INSTRUCTIONS TO FOLLOW — Copy exactly, and only, the lines that start at the line containing "Property photo 3 of 27 New Road, E4" and end at the last line of the material below.

○ ○ ○ ○

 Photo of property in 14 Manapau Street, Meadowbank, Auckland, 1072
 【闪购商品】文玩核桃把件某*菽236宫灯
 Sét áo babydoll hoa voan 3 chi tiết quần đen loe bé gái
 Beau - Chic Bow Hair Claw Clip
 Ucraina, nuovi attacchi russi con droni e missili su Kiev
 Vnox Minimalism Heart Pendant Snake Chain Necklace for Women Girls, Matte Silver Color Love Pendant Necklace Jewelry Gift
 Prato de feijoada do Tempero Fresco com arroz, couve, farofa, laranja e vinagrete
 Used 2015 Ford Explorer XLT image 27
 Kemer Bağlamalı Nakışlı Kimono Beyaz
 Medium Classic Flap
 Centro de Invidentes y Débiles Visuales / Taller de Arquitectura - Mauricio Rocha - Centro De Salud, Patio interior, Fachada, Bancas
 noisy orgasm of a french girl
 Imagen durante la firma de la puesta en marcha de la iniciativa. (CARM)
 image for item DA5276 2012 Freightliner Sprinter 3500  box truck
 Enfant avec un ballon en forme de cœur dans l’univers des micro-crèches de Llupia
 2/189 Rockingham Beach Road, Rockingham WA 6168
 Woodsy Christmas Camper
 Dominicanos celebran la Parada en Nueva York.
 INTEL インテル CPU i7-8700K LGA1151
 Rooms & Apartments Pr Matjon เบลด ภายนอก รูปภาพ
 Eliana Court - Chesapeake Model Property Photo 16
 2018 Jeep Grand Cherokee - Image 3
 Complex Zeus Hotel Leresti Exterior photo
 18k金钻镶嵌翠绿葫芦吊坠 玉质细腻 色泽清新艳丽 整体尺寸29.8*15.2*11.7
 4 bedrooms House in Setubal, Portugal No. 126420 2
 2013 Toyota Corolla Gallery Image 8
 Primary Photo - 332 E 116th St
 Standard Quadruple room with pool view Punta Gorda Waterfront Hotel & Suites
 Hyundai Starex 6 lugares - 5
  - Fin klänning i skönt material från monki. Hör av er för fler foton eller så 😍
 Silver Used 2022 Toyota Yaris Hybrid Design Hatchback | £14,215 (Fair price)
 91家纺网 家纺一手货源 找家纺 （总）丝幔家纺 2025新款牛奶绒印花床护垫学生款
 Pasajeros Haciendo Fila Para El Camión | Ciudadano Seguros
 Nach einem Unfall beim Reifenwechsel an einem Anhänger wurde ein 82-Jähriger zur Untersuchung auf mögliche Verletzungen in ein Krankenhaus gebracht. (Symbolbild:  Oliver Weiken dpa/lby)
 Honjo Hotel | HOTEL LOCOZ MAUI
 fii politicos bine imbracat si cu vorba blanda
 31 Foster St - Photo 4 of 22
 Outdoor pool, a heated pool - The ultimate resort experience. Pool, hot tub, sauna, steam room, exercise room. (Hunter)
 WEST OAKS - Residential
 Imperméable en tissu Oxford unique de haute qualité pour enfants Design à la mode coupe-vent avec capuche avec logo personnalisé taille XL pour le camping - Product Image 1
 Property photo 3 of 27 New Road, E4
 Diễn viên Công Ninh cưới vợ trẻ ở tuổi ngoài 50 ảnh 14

○ ○ ○ ○

SOLUTION TO THIS PROBLEM —
 Property photo 3 of 27 New Road, E4
 Diễn viên Công Ninh cưới vợ trẻ ở tuổi ngoài 50 ảnh 14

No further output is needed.